Directions: Could the lines from the start of the data through the line with "Nicholas finishing the Thames Trek" be set down exactly, with no pictures among them?

Supplied records:
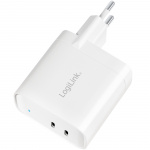 LogiLink USB-laddare 2 x USB-C PD 40W G LogiLink USB-laddare 2 x USB-C PD 40W G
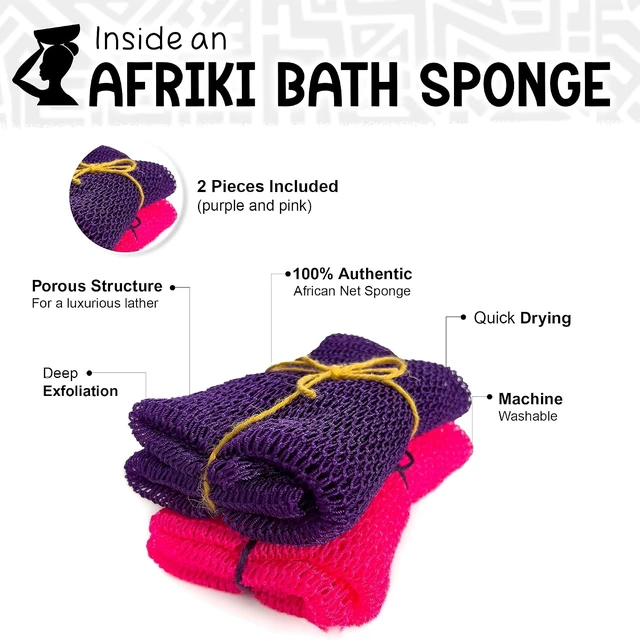 Alt view image 2 of 7 - Deep Exfoliating Washcloth for Smooth Skin, Extra Long Stretch Bath Sponge for Shower, Premium Authentic Exfoliating Body Scrubber, African Net Sponge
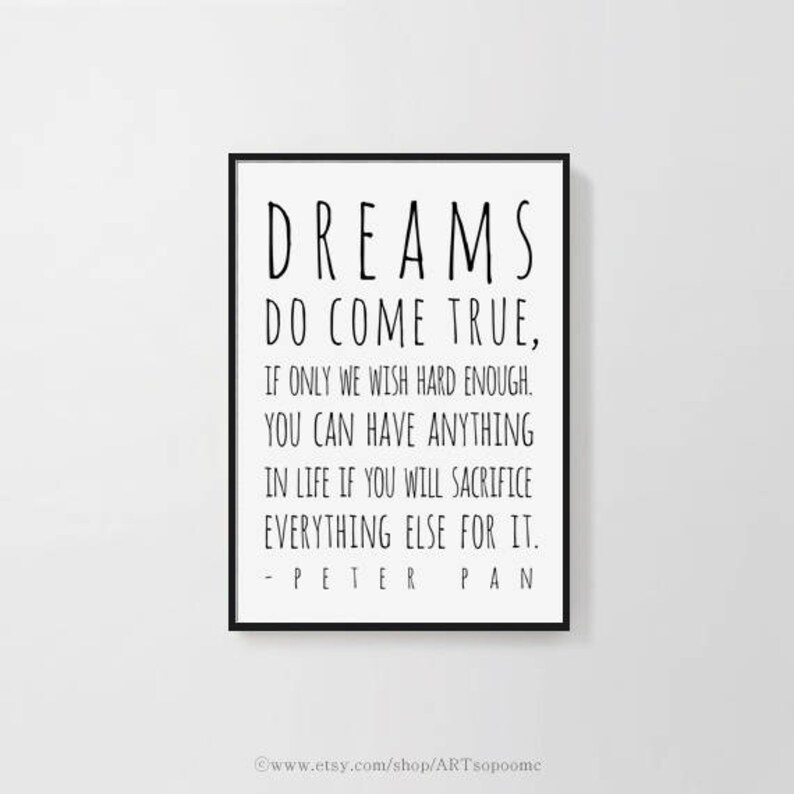 Printable Dreams Quotes Art Baby Room Wall Art Decor Kawaii Etsy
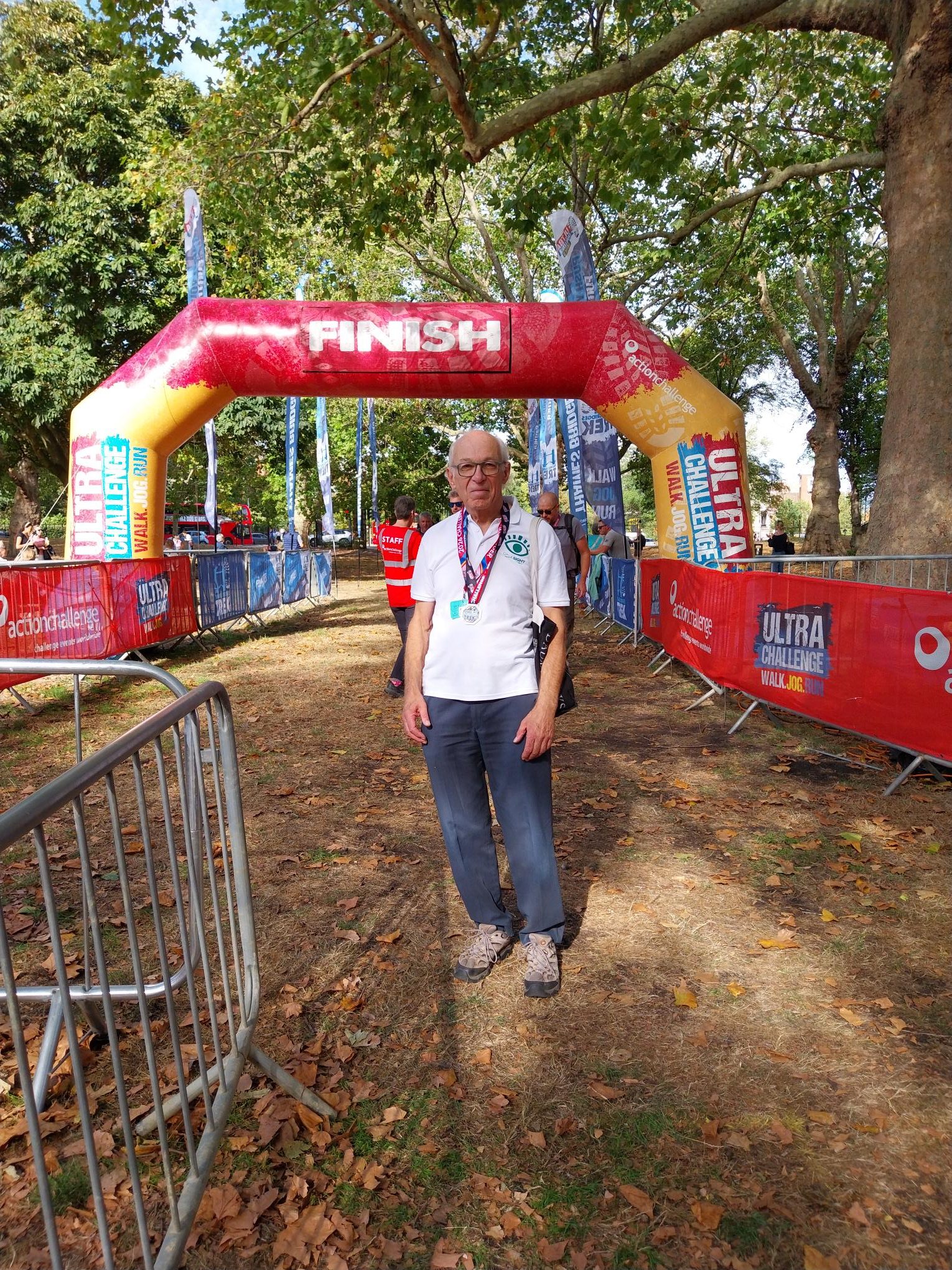 Nicholas finishing the Thames Trek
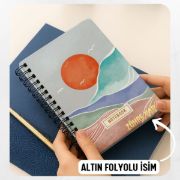 Turuncu Boho Kalın Kapaklı A5 Defter / Öğretmen İsmine Özel resmi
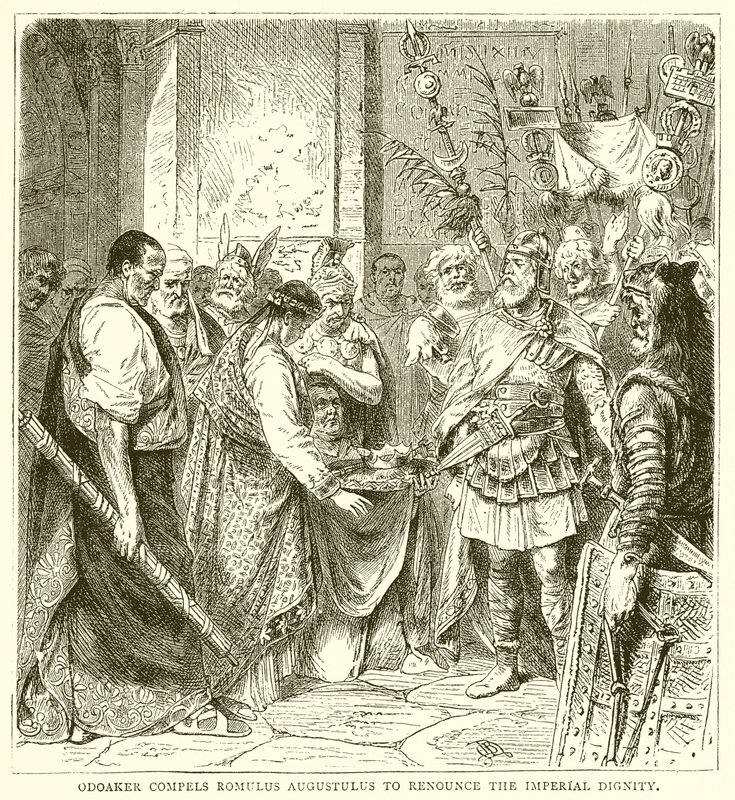 Odoaker zwingt Romulus Augustulus, die kaiserliche Würde abzulegen von English School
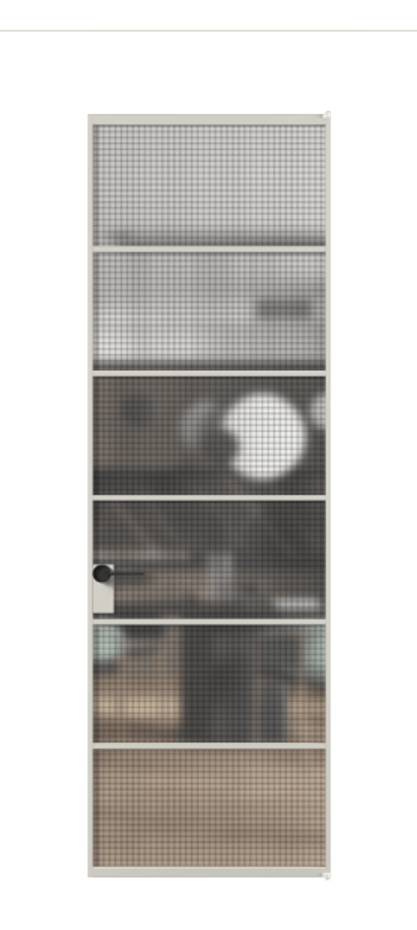 Алюминиевая дверь АЛПЛ040.04 Алюминий тёплый серый Декоративное стекло с сеткой "Mesh silver", триплекс Цена 134030  | Volhovec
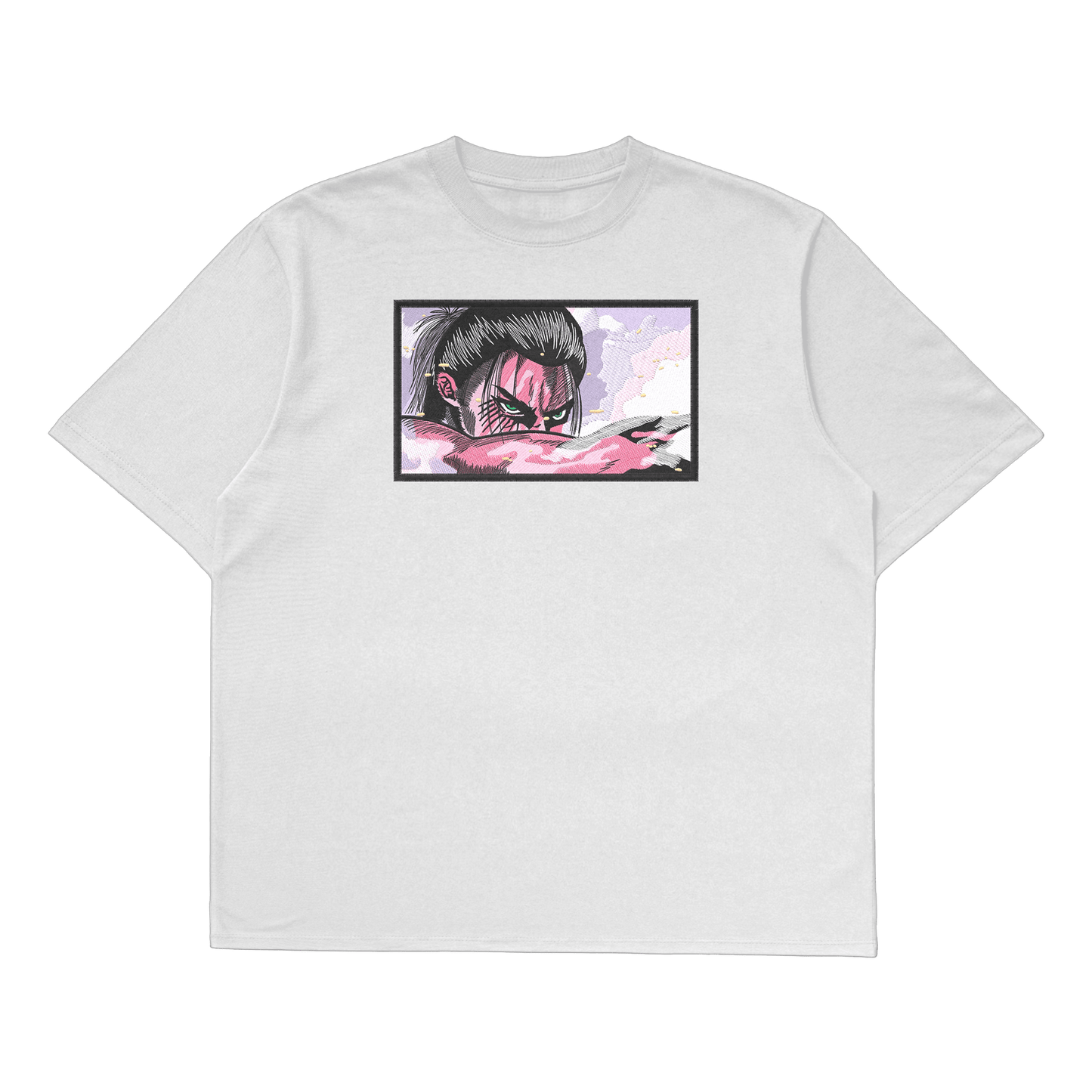 Eren Yeager oversized t-shirt featuring a full-body design of Eren in his final transformation form.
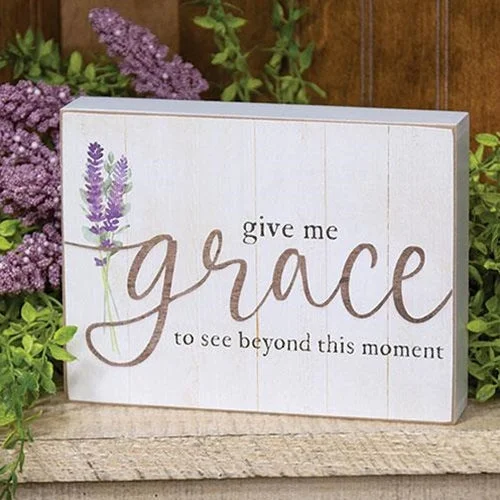 Bed skirts with a child - friendly printGive Me Grace Box Sign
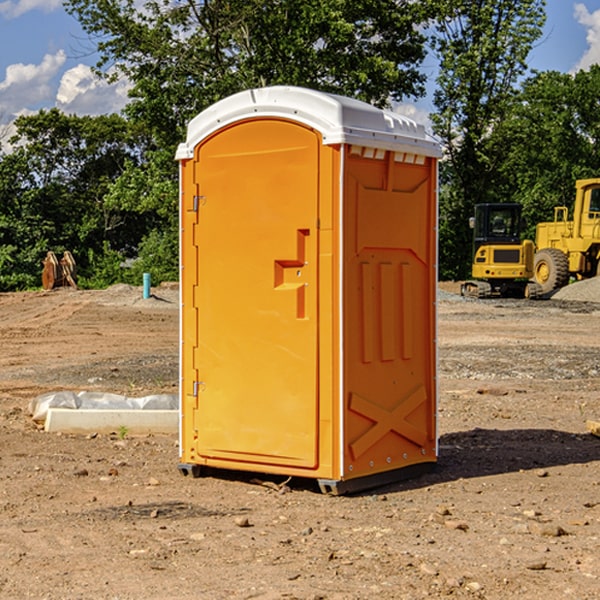 how often are the portable restrooms cleaned and serviced during a rental period in Knightsville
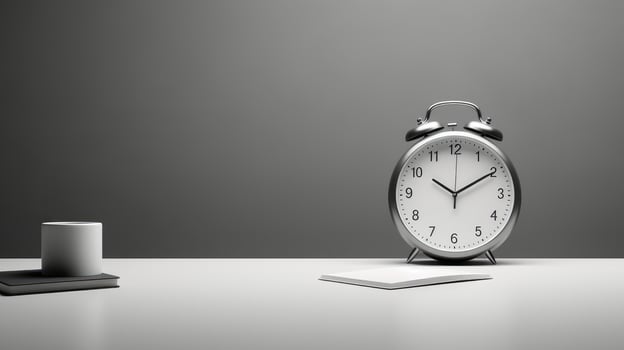 Realistic Clock on Workplace for Business Concept. Time Management and Self Organization. photo
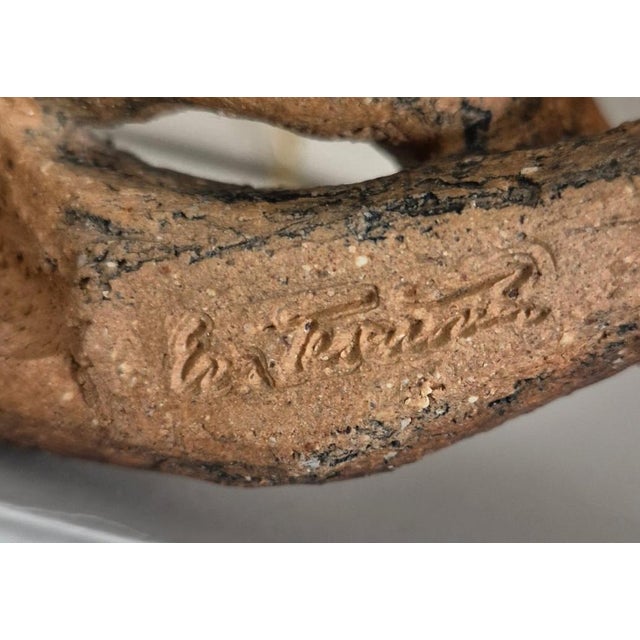 Figurative Mid-Century Signed Czechoslovakian Clay Garden Figurine Signed Eva Tesarova For Sale - Image 3 of 4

The completed task:
 LogiLink USB-laddare 2 x USB-C PD 40W G LogiLink USB-laddare 2 x USB-C PD 40W G
 Alt view image 2 of 7 - Deep Exfoliating Washcloth for Smooth Skin, Extra Long Stretch Bath Sponge for Shower, Premium Authentic Exfoliating Body Scrubber, African Net Sponge
 Printable Dreams Quotes Art Baby Room Wall Art Decor Kawaii Etsy
 Nicholas finishing the Thames Trek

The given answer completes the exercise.